## Material provided:
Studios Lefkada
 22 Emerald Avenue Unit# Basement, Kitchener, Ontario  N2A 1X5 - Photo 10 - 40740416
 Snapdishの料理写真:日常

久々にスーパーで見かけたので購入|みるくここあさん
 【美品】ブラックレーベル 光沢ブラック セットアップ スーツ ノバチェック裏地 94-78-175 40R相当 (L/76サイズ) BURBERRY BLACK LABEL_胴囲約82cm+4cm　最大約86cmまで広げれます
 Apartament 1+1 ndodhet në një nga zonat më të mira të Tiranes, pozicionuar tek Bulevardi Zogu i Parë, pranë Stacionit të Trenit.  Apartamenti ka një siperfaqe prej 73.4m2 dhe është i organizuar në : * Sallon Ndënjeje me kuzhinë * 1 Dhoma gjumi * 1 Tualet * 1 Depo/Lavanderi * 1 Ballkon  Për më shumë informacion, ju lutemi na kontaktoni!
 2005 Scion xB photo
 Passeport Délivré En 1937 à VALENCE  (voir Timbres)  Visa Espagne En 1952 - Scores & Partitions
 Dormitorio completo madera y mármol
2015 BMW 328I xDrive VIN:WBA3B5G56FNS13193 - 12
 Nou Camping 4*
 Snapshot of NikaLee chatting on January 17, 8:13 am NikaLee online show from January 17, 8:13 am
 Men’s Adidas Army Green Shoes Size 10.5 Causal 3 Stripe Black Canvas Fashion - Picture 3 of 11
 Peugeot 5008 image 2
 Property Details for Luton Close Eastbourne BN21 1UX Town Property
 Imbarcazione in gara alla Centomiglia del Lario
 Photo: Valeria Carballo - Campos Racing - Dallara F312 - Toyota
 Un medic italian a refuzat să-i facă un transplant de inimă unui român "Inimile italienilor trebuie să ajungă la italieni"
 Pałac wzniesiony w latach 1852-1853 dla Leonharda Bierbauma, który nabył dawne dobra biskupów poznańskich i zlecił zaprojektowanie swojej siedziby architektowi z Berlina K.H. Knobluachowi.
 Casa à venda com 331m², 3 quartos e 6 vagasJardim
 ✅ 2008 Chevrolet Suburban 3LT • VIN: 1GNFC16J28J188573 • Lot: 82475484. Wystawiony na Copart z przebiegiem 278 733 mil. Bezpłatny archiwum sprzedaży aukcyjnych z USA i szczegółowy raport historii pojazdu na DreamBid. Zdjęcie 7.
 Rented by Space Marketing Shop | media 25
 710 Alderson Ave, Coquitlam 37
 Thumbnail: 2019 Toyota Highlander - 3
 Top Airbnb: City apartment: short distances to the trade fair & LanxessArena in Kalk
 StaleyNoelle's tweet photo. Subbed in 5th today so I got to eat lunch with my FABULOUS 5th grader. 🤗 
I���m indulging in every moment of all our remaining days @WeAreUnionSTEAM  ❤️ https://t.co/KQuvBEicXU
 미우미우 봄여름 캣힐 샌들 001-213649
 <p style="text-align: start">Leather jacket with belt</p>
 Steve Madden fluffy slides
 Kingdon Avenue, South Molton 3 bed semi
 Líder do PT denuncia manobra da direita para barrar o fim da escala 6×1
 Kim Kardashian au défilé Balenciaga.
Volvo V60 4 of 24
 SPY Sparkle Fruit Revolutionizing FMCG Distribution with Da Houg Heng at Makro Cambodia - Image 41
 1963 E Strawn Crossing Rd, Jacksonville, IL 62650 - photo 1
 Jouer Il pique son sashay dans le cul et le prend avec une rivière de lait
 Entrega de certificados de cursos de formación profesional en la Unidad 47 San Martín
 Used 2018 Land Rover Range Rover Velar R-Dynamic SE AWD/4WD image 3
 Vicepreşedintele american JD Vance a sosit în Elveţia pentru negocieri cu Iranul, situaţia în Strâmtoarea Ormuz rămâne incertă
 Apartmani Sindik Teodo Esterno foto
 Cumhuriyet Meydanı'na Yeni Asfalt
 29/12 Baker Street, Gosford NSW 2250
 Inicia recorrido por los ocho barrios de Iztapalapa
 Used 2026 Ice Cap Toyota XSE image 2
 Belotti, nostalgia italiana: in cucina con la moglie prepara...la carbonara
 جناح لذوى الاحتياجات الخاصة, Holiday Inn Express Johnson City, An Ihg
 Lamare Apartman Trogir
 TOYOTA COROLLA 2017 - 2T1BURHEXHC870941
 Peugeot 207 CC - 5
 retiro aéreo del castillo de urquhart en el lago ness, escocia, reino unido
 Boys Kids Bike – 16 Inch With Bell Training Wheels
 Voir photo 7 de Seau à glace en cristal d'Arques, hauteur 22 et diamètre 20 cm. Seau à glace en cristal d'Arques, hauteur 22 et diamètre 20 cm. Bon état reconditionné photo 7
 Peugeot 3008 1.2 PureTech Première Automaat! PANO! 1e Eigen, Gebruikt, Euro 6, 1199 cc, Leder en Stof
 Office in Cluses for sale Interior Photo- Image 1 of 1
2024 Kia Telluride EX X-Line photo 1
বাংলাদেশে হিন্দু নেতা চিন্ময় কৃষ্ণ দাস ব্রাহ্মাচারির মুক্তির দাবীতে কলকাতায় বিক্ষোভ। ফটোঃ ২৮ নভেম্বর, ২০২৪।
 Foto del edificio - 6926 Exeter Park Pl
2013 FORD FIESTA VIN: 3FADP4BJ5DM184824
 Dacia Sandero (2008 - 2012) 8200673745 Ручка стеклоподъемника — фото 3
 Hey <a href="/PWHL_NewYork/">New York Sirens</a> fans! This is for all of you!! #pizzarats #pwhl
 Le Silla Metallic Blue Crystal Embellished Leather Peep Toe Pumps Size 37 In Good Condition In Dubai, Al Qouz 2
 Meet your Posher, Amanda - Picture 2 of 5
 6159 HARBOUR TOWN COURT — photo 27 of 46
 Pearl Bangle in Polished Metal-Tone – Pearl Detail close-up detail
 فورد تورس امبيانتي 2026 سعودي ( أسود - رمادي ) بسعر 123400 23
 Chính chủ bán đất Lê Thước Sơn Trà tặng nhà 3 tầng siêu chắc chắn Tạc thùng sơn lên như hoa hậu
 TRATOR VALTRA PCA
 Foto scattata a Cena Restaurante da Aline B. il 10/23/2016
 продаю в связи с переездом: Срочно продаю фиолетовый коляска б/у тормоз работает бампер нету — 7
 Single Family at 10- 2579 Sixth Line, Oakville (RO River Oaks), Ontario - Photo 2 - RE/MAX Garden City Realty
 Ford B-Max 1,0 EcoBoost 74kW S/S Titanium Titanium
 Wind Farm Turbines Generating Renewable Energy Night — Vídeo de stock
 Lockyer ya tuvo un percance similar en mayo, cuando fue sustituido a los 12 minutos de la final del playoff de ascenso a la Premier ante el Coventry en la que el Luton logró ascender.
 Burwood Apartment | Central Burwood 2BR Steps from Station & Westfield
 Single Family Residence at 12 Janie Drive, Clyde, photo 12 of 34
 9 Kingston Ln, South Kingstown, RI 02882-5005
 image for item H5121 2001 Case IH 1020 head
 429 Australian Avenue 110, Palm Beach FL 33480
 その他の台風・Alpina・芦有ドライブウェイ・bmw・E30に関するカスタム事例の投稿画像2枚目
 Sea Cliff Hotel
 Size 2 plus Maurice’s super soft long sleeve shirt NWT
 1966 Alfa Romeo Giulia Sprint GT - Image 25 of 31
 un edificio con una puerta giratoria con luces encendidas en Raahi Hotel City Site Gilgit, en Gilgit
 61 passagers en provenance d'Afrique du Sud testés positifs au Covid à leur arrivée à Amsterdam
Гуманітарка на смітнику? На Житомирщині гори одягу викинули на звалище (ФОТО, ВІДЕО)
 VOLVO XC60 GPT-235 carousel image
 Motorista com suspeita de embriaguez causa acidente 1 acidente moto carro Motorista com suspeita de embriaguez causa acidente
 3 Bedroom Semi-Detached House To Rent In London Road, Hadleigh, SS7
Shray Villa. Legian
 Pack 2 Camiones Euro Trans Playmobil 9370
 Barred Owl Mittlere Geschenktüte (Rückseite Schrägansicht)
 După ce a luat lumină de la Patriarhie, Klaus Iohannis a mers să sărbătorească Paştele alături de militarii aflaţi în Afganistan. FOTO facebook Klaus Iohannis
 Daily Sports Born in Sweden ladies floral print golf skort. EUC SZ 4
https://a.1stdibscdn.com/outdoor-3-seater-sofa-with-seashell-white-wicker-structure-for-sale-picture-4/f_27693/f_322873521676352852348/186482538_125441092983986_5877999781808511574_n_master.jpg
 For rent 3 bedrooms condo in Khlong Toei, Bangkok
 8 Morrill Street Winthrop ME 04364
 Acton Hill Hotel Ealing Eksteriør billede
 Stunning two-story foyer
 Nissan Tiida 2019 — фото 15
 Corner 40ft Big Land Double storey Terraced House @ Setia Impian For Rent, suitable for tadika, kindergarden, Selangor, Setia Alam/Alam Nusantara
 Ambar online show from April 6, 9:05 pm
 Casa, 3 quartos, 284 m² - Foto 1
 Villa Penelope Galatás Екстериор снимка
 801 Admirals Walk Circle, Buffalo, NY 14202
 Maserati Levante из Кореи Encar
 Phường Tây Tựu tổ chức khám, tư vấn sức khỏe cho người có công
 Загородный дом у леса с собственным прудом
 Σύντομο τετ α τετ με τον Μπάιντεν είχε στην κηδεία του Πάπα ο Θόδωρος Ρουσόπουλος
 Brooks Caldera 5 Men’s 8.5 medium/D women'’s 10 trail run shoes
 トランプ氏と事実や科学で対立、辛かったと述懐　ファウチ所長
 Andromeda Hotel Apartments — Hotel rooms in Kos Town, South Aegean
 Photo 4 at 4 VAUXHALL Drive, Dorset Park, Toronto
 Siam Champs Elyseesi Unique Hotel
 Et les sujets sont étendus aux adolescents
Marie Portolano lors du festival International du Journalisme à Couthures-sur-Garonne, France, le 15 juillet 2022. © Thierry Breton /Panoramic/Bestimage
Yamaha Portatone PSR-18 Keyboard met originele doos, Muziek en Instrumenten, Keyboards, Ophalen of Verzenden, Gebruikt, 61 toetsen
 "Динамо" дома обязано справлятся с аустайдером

## Try it:
All that is wanted is an exact copy of the lines above from the one with "Kim Kardashian au défilé Balenciaga." through the one with "1963 E Strawn", with both ends included.

## The completed task:
 Kim Kardashian au défilé Balenciaga.
Volvo V60 4 of 24
 SPY Sparkle Fruit Revolutionizing FMCG Distribution with Da Houg Heng at Makro Cambodia - Image 41
 1963 E Strawn Crossing Rd, Jacksonville, IL 62650 - photo 1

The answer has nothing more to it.